Monsignor McGread was fond of saying, “You will never find a U-Haul behind a hearse.”

Jesus himself warned of being overly attached to wealth. To the rich person who stored up grain for himself, he said, “You fool, this night your life will be demanded of you and the things you have prepared, to whom will they belong?” (Lk 12:20).

Wealth is a gift given to be of service to others. Money is like seed: when it is spread out, in the right conditions and with the proper care, it springs forth new life. The stewardship way of life is not primarily about money. For example, if a parish were to be destitute, living in abject poverty, the persons of that parish would still be called to stewardship. Stewardship is primarily about self-gift arising from gratitude for God’s abundant gifts. Our finances are one aspect of that self-gift. Money, though it is needful in the life of a parish, is first a symbol of the self-gift that a disciple has already made.

The giving of treasure is analogous to a sacramental. A sacramental, like a holy medal, is not a source of grace but a symbol of a grace given in Jesus Christ. So too, one’s treasure is not the gift, rather it is a symbol of the gift of self that one has already given. Fr. Lanzrath has said, “The giving of our money is, in fact, a giving of ourselves ... representing the gift of our labor ... our heart ... our life.” What we put in the basket, what is symbolized in the offering of bread and wine, is our very self.

As Bishop Michael Jackels, former Bishop of Wichita, taught,

“Whether or not you participate in the collection is going to have a consequence on how deeply you participate in the Eucharistic prayer and how fruitfully receiving Holy Communion is going to be for you. Because what I put into the basket is a concrete expression of my gift of self. That’s the only gift I have to give. I can pull money out of my wallet. God can take that from me without asking me. But the one thing God can’t take unless I give is my self, my gift of self, expressly as it is exercised by my will.”

The collection at Mass is primarily about giving of oneself; only secondarily is it about pragmatic or financial concerns.

Vatican II only spoke about physical giving twice and this in non-explicit terms: “They should especially make missionary activity their own by giving material or even personal assistance. ... It is a duty and honor for Christians to return to God a part of the good things that they receive from Him” (AA, 10).

We see here the inference of treasure (material) and talents (personal assistance) with the addition of making “a return to God” in gratitude for what he has given us. The Code of Canon law adds, “The Christian faithful are obliged to assist with the needs of the Church so that the Church has what is necessary for divine worship, for the works of the apostolate and of charity, and for the decent support of ministers” (CIC, no.222; no.1261) and includes the need to support various appeals (CIC, no.1262).

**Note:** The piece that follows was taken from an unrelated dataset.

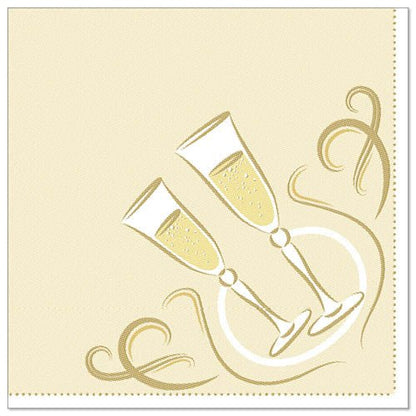 Os guardanapos "ROYAL Collection" 1/4-Fold 40x40 cm da PAPSTAR GmbH 20 guardanapos mostram duas taças de champanhe tilintando com conteúdo amarelo e espiral dourada - ideal para uma decoração de mesa estilosa.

Notice, specifically, the gift supports the apostolate. In other words, the motivator for giving generously arises from the Church’s mission, “Go, therefore, and make disciples of all nations, baptizing them in the name of the Father, and of the Son, and of the Holy Spirit” (Mt 28:19). This mission is carried out through evangelization. When people are inspired to take up their role in this mission, they will also be inspired to grow in their generosity in giving their time, talent, and treasure. At every moment stewardship must be a faith response to this mission – a response in trust.